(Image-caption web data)
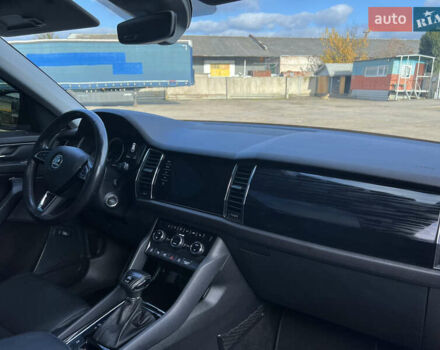 Черный Шкода Kodiaq, объемом двигателя 2 л и пробегом 200 тыс. км за 25700 $, фото 24 на Automoto.ua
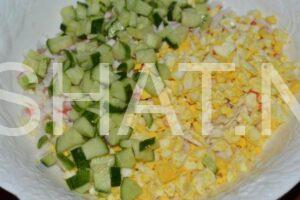 7_салат с капустой, крабовыми палочками и яйцами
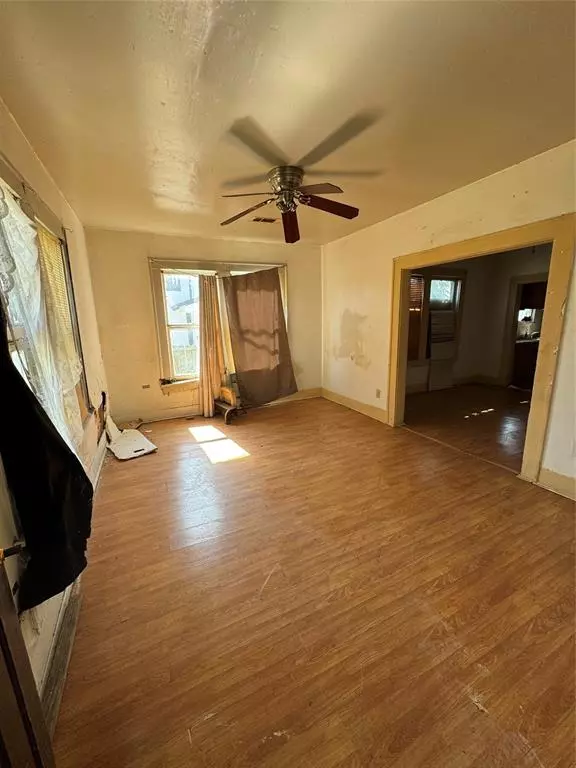 Dallas, TX 75216,1007 Strickland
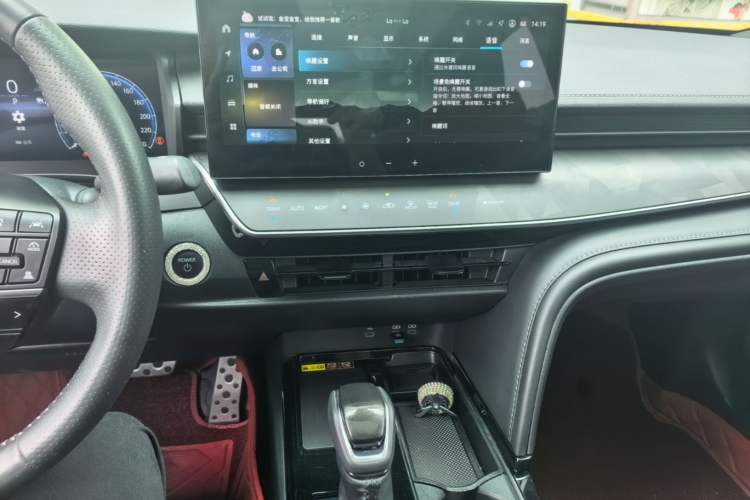 Used Toyota Camry 2024 Dual-Motor 2.0 HXS Sport Plus Edition Audio And AC Panel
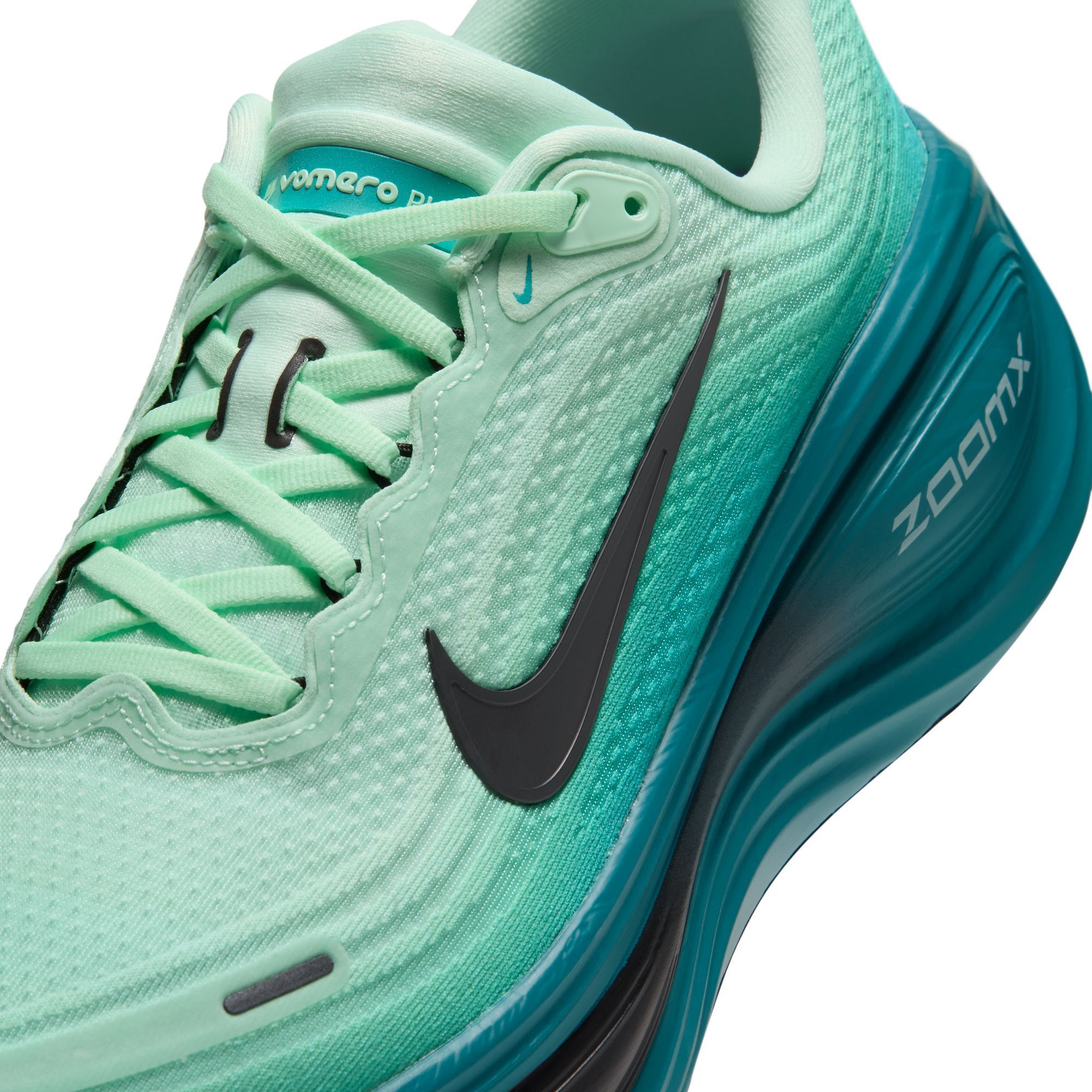 Nike Men's Vomero Plus Running Shoes product image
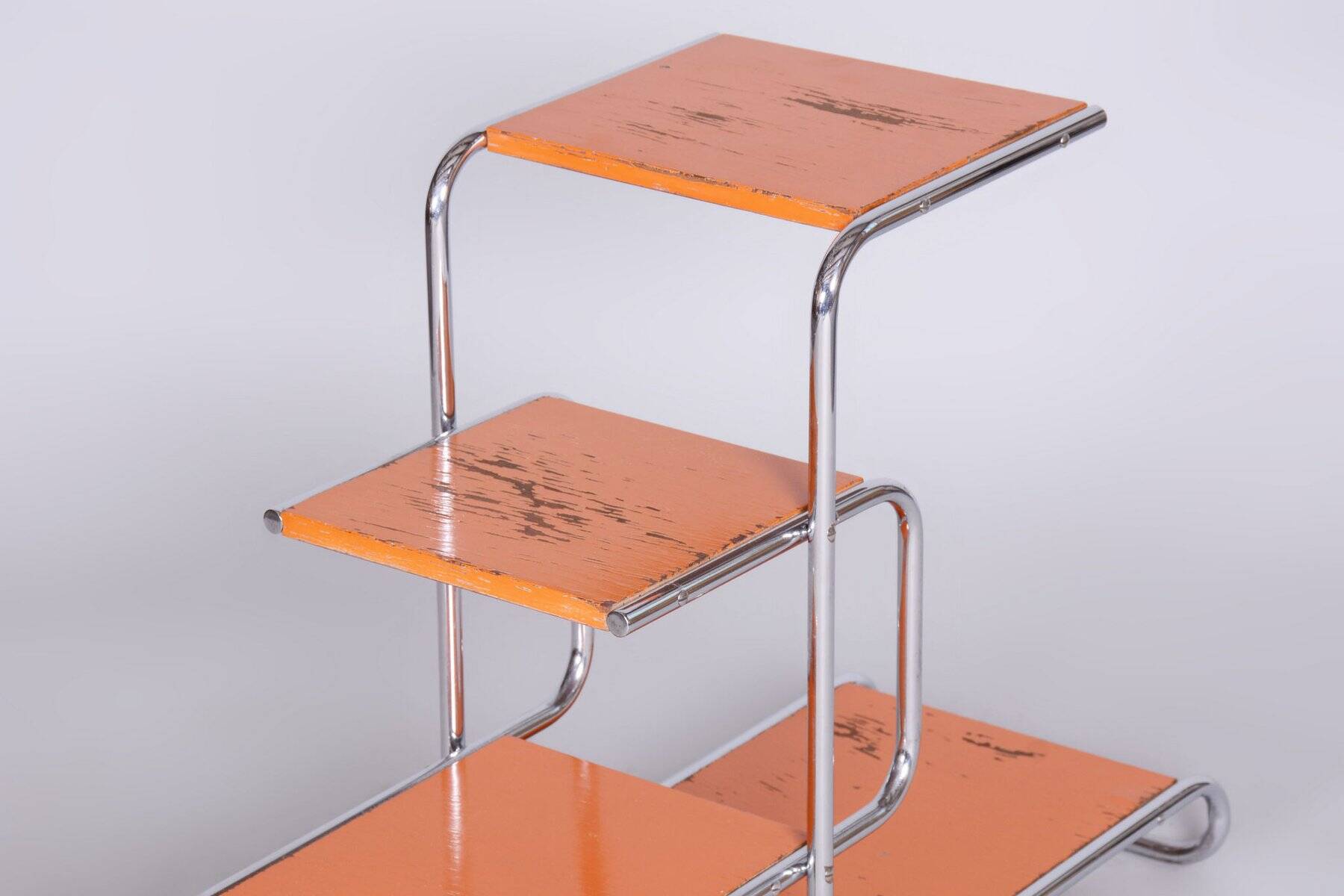 Bauhaus Chrome-Plated Steel and Lacquered Wood Shelf, 1930s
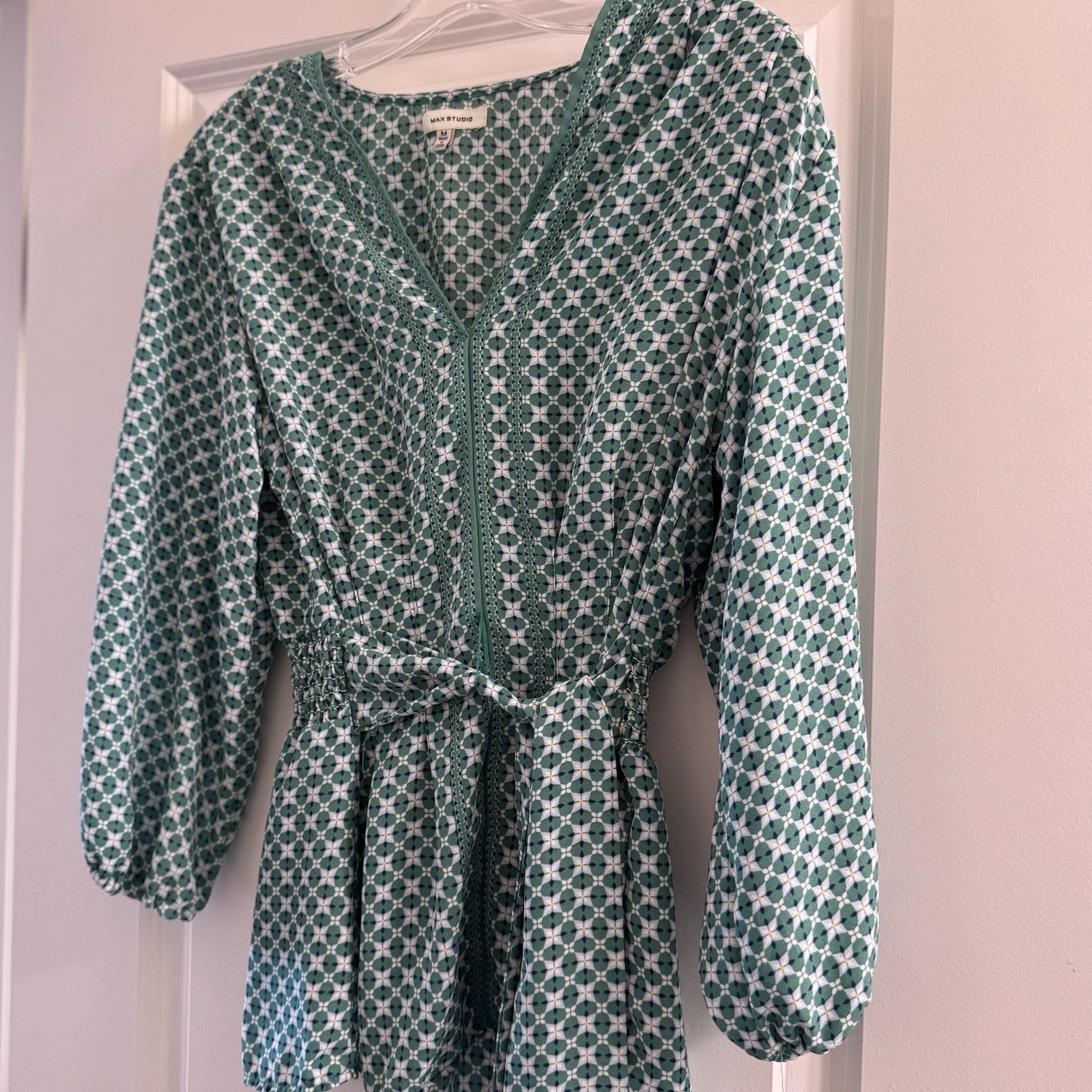 Max Studio Green Geometric Print Tunic Top Belted Waist V-Neck Size medium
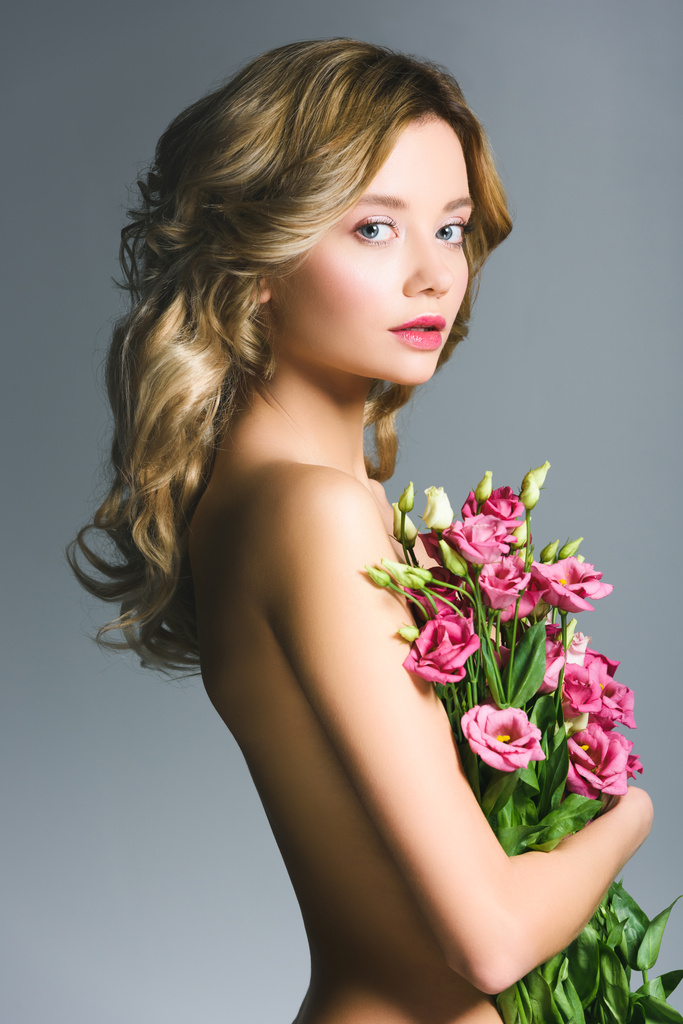 bela menina nua segurando buquê de flores eustoma isolado em cinza
 - Foto, Imagem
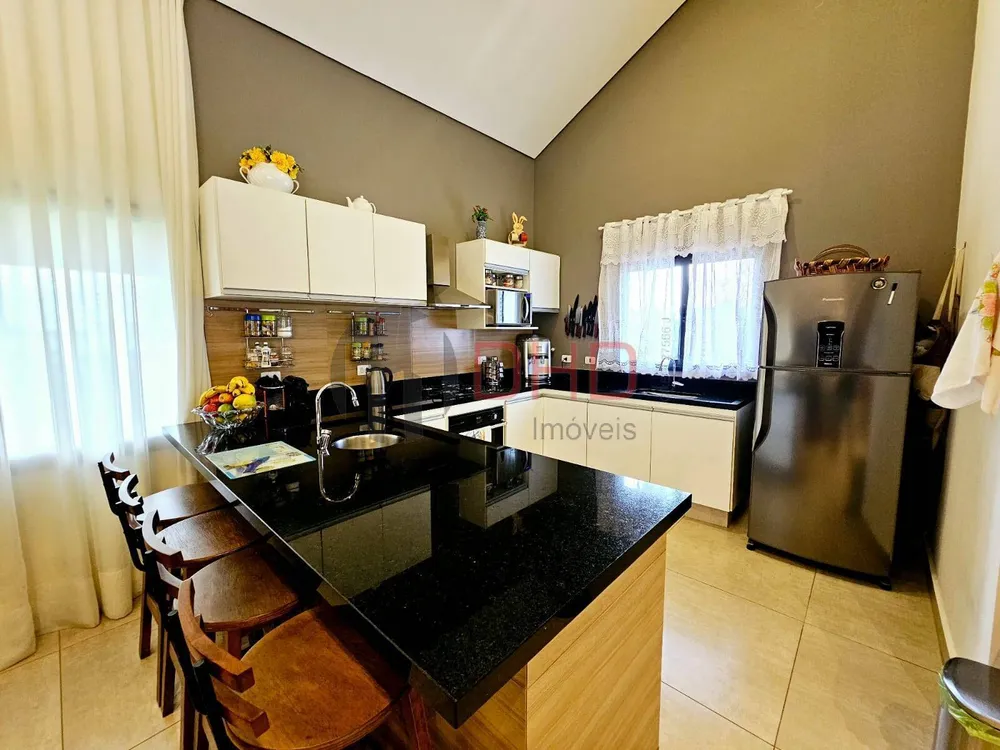 Casa, 4 quartos, 240 m² - Foto 3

- [Prompt] Retype the line containing "Nike Men's Vomero" and each line after it through the last line of the entries above, exactly, with no pictures and nothing else.

- [Solution for this problem]
 Nike Men's Vomero Plus Running Shoes product image
 Bauhaus Chrome-Plated Steel and Lacquered Wood Shelf, 1930s
 Max Studio Green Geometric Print Tunic Top Belted Waist V-Neck Size medium
 bela menina nua segurando buquê de flores eustoma isolado em cinza
 - Foto, Imagem
 Casa, 4 quartos, 240 m² - Foto 3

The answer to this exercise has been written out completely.